Assignment: From the entries below, return only the lines starting at the one that contains "Business center" and ending at the one that contains "Preview for 453", exactly as they stand.

Dataset:
-.-.-

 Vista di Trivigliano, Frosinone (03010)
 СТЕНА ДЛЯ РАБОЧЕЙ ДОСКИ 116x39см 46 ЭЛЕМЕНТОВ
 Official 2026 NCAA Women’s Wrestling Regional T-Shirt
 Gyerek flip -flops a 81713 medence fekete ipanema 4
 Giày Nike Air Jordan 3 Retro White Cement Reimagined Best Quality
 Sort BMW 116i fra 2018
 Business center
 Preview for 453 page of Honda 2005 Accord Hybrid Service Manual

-.-.-

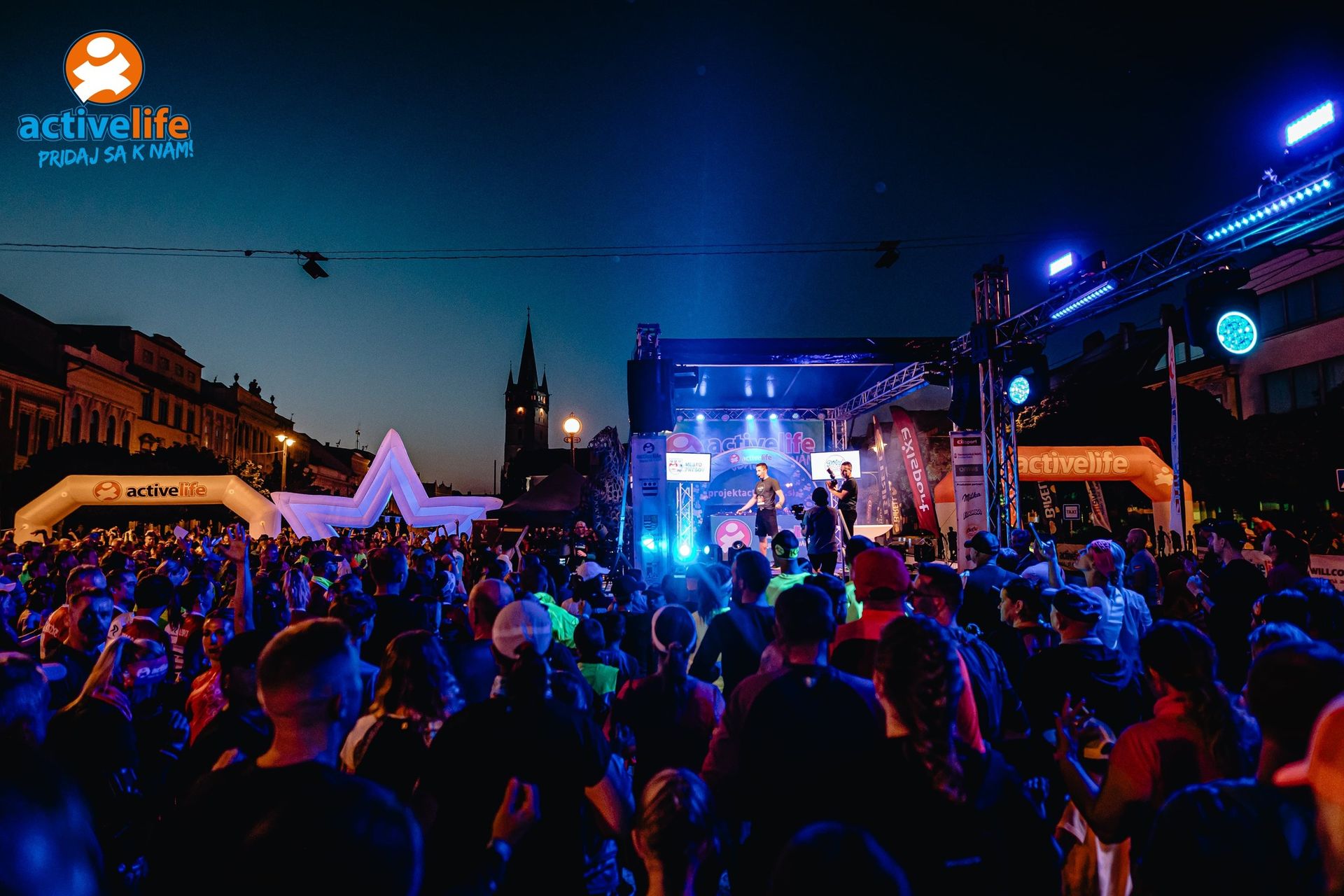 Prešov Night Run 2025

-.-.-

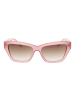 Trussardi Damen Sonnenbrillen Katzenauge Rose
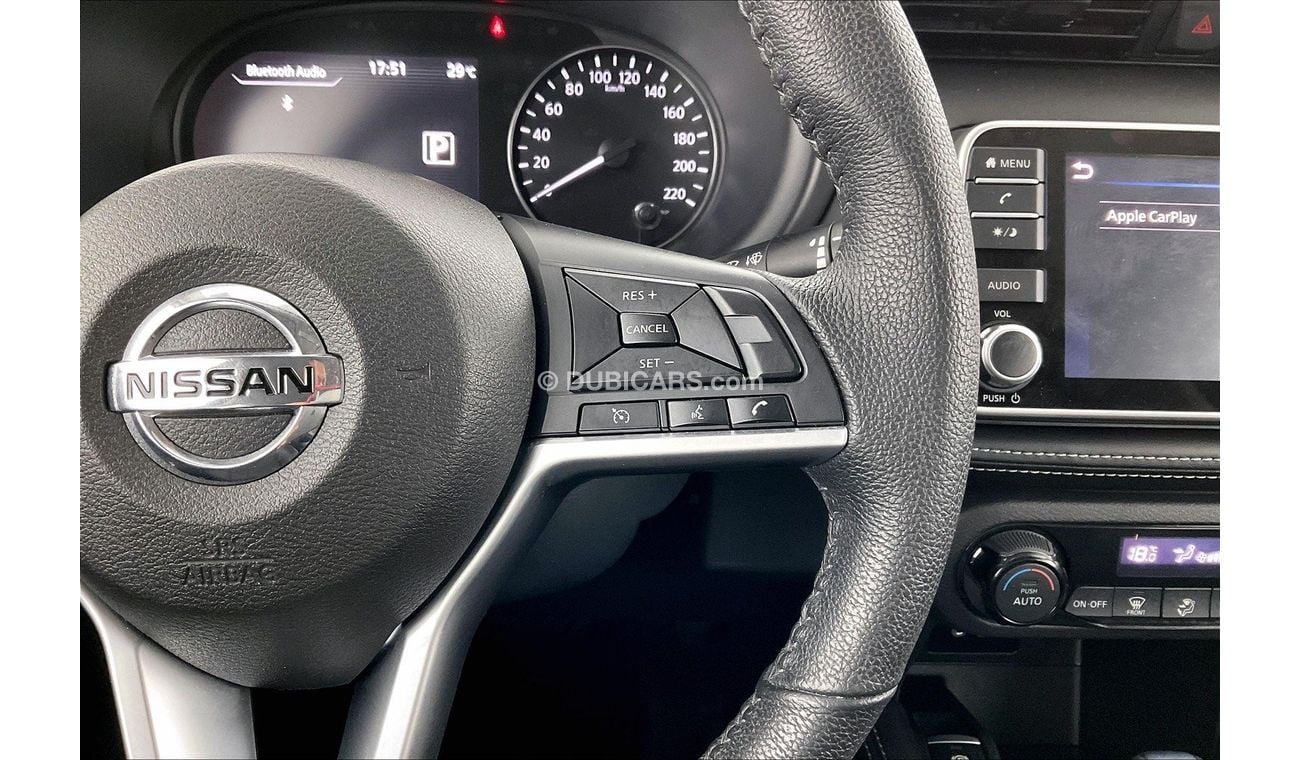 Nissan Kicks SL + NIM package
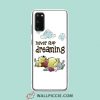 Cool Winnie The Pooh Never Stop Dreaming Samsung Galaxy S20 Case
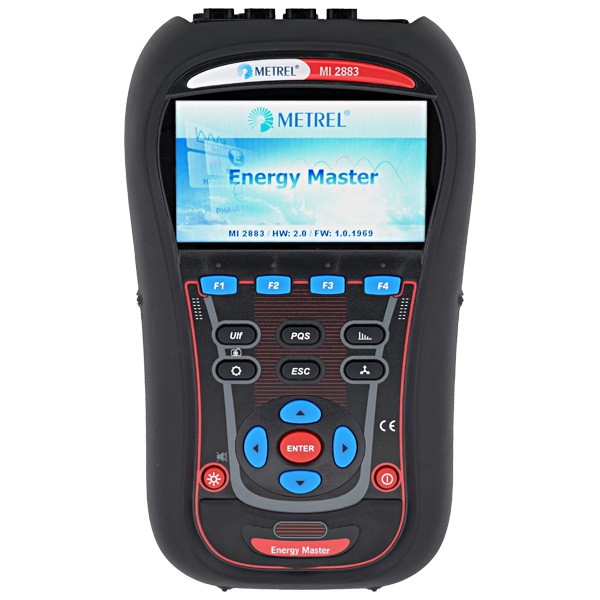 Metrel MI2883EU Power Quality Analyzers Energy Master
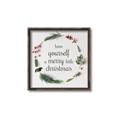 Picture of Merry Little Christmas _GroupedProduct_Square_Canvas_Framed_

-.-.-

Finished exercise:
 Business center
 Preview for 453 page of Honda 2005 Accord Hybrid Service Manual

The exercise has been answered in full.